---- RECORDS SUPPLIED

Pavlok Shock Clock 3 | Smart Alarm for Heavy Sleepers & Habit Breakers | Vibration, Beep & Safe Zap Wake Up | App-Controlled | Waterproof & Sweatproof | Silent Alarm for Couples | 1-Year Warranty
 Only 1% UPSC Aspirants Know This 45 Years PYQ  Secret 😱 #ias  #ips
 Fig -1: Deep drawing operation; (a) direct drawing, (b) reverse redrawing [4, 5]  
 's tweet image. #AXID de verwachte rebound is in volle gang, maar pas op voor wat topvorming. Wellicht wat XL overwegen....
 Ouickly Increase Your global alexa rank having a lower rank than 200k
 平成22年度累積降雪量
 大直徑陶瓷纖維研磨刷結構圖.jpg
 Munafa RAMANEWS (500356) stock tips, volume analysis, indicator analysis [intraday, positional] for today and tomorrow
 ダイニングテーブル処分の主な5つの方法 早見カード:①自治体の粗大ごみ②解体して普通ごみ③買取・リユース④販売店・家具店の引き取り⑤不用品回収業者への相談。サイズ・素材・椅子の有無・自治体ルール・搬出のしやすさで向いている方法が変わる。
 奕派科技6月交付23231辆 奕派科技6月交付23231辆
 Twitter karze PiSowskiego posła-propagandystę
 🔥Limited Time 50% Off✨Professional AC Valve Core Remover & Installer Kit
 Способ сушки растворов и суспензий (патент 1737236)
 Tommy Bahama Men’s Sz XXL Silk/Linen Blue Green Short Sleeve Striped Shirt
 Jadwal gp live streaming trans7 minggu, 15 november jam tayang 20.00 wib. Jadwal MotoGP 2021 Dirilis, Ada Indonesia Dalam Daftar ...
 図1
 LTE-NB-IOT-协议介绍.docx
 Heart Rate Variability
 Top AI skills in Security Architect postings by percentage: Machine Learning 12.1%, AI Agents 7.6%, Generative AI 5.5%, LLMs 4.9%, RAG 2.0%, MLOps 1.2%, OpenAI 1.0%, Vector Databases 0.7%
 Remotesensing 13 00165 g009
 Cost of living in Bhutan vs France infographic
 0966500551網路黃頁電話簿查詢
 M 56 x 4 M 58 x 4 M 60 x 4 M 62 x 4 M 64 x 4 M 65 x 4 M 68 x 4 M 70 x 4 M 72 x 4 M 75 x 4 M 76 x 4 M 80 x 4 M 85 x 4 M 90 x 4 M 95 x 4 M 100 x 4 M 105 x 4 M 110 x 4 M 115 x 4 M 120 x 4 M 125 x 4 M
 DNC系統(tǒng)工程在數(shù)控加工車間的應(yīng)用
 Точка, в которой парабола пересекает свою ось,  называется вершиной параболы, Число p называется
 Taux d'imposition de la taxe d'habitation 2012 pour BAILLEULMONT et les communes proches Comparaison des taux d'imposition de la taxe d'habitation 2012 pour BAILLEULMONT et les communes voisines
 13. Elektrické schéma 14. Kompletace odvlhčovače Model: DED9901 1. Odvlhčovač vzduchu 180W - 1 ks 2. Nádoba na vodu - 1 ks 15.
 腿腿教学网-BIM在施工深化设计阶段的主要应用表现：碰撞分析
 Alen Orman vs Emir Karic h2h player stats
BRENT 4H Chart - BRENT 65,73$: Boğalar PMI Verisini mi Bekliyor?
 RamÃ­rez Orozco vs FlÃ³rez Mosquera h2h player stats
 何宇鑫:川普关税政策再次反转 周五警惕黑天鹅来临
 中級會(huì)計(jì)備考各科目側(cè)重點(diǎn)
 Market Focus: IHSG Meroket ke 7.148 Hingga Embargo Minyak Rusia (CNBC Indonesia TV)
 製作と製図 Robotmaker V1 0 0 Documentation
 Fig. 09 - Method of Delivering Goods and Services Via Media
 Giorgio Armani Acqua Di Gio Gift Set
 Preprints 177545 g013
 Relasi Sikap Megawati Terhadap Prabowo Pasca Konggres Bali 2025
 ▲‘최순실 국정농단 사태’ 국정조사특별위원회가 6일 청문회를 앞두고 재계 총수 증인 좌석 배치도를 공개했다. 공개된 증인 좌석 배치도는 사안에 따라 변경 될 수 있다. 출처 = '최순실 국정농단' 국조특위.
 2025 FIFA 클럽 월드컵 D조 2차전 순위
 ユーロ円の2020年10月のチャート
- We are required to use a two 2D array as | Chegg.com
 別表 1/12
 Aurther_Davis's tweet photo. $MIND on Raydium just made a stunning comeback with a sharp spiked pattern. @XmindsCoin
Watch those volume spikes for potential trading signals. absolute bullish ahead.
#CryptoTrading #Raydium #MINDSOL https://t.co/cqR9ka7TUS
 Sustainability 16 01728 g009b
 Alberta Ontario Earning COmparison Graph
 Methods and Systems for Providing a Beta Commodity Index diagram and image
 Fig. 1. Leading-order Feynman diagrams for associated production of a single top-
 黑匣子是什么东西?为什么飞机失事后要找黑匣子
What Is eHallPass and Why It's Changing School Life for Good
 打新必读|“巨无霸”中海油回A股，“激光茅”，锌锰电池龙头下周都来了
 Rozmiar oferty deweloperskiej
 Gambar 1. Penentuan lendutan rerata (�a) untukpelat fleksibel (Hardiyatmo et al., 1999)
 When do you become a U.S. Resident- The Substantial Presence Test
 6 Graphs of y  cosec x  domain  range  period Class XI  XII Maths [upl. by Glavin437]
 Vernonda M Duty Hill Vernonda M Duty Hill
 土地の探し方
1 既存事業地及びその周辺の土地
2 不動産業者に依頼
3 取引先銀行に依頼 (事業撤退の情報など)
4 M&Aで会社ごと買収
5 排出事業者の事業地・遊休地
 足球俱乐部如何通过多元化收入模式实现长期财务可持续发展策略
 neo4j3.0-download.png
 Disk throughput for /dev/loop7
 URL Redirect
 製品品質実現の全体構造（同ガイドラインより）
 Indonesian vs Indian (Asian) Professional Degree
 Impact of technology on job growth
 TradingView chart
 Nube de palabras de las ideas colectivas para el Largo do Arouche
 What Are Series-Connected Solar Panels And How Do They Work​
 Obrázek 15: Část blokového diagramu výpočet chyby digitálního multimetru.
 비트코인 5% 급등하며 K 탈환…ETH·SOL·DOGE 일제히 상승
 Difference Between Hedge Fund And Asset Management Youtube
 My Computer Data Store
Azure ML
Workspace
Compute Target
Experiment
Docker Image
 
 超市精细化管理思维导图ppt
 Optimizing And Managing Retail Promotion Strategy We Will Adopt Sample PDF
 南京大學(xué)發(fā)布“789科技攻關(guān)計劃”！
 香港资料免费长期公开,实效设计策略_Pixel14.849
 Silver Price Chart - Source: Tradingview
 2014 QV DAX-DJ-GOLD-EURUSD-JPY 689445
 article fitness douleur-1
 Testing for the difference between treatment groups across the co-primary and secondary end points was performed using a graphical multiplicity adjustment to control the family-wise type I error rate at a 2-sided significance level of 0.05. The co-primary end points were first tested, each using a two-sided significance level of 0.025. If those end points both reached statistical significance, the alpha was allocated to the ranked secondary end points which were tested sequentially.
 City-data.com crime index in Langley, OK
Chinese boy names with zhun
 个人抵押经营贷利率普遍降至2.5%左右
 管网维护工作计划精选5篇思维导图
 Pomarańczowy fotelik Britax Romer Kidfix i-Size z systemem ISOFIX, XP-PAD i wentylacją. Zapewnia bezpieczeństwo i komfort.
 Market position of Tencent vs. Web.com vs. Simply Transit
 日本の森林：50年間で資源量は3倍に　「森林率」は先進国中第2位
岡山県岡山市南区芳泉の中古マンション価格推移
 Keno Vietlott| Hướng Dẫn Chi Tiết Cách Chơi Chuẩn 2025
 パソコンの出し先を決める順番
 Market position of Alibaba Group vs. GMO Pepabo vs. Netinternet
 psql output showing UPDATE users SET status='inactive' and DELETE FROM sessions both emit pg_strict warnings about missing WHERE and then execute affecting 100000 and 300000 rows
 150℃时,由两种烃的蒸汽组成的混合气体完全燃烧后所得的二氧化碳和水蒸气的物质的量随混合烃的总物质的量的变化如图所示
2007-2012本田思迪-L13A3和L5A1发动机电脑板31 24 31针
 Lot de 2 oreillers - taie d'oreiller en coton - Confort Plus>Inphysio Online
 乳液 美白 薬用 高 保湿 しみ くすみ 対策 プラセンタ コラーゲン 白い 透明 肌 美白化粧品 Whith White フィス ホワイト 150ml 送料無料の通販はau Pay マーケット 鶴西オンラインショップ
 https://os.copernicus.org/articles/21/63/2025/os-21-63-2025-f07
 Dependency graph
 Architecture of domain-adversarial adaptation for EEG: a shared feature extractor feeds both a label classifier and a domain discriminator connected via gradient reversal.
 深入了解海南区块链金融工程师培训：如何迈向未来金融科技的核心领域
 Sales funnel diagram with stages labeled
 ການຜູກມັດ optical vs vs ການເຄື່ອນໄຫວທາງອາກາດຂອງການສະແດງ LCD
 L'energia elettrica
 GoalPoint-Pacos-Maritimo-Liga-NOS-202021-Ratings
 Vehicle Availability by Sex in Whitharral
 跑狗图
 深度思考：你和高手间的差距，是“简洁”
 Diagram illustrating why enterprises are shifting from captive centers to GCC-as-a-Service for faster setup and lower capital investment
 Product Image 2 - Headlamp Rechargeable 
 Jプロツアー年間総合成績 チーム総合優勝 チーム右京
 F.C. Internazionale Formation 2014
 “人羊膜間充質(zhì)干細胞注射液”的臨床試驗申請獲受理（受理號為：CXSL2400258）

--------

ACTION ITEM:
Print exactly the lines above, between the one holding "Sustainability 16 01728 g009b" and the one holding "Rozmiar oferty deweloperskiej", inclusive, and nothing besides.

ANSWER TO THIS PROBLEM:
 Sustainability 16 01728 g009b
 Alberta Ontario Earning COmparison Graph
 Methods and Systems for Providing a Beta Commodity Index diagram and image
 Fig. 1. Leading-order Feynman diagrams for associated production of a single top-
 黑匣子是什么东西?为什么飞机失事后要找黑匣子
What Is eHallPass and Why It's Changing School Life for Good
 打新必读|“巨无霸”中海油回A股，“激光茅”，锌锰电池龙头下周都来了
 Rozmiar oferty deweloperskiej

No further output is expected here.